Legs extended behind her, Vivian tried to maintain altitude without flapping, and found that by wiggling her wingtips, she could maneuver smoothly in circles and swoops.
“This is incredible. I want to keep them.”
“Just stay up there,” Samuel shouted back. “I’m going to add wings too.”
The fountain reached out and touched the youth, and a minute later he was soaring after Vivian, the two engaged in an aerial game of catch-me-if-you-can. Marilla hesitated for several minutes, watching the humans fly about as if they had been born with wings, then gave in to the temptation herself. It wasn’t long before the three of them were taking turns swooping at the Drazen, who remained in his lotus position as if he were in a trance.
“You’re going to miss the opportunity, Jorb,” Samuel shouted while making a pass overhead. “The LARP has a two-hour max.”
“I’m good,” Jorb sang back, surprising himself and the others with his new-
found musicality. “You guys go ahead and look around.”
“Just the thought of having to land is depressing,” Marilla called to her flying companions as they winged off towards a nearby cliff that seemed to attract them all on some fundamental level. “Was there a reason that should bother me? I can’t remember.”
“I saw an enhancement for mood that would take care of depression,” Vivian said. “I wonder if it would work this far from the fountain.”
“It still shows on my heads-up display. I’m going to try it.” A thread of silver sought out the flying Horten and briefly brushed her temple. “Oooh. You guys have to try this to believe it.”
Two more threads reached out from the fountain as Samuel and Vivian made the selection, after which the three students didn’t talk again until they found themselves coming in for a landing on a high ledge.
“This is better than real life,” Vivian declared.
“No argument from me,” Samuel concurred.
“We should try all the enhancements,” Marilla said. “I never thought I’d be envious of artificial people, but they must be laughing at the rest of us for being limited biologicals. I wonder why my species makes so few of them.”
“I’m getting encyclopedic knowledge,” Samuel told the others, and a silver thread from the fountain found him a moment later.
“There’s an alien psychology enhancement,” Vivian said, and the liquid metal raced to bestow its blessing on her.
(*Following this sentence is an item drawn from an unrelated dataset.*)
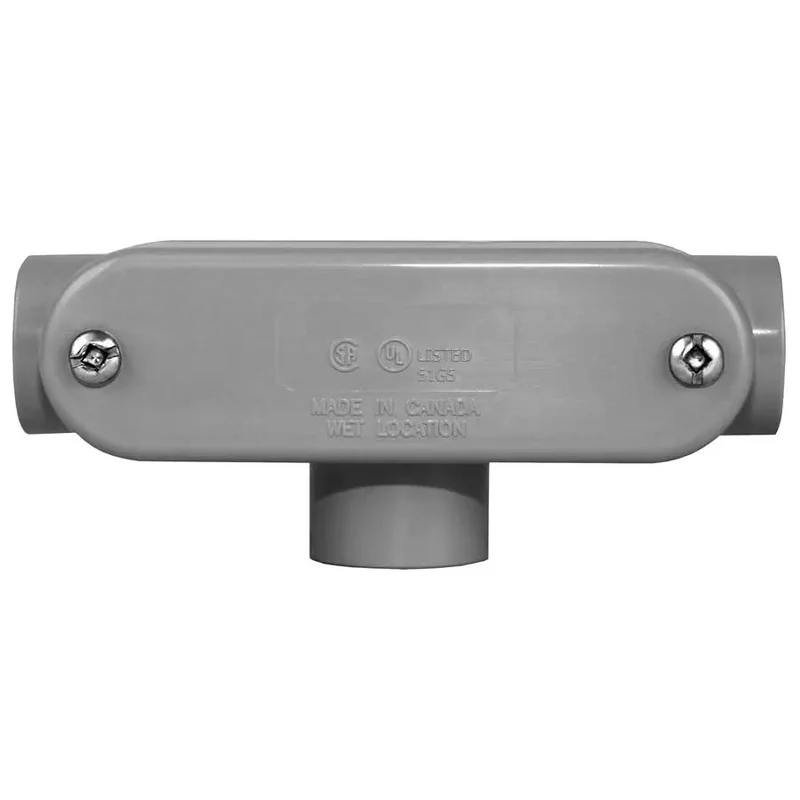 Pro Level Pvc T Conduit Body One Half Inch Trade Size Csa Approved For Indoor Outdoor Or Burial Runs No Sweat Install For Residential Or Commercial Wiring Jobs Five Pack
“Do you guys see the option to complete our university educations?” Marilla asked. “It can’t be serious.” A filament from the fountain reached out and touched her forehead. “It’s true. I can finally get on with life.”
“Did you hear something?” Samuel asked, twisting his head as if he were an owl.
“There’s an enhancement for that,” Vivian told him, and the fountain found her again. “It’s just Jorb singing.”
“We should head back and make him grow wings,” Marilla said. “He’ll never forgive us if he misses this.”
The three dove off the cliff and found that with thermals arising from the rocky plain, they didn’t even need to beat their wings to glide back to the fountain. Before they could even see him, they heard Jorb’s clear singing, though the song only had one line repeated over and over again.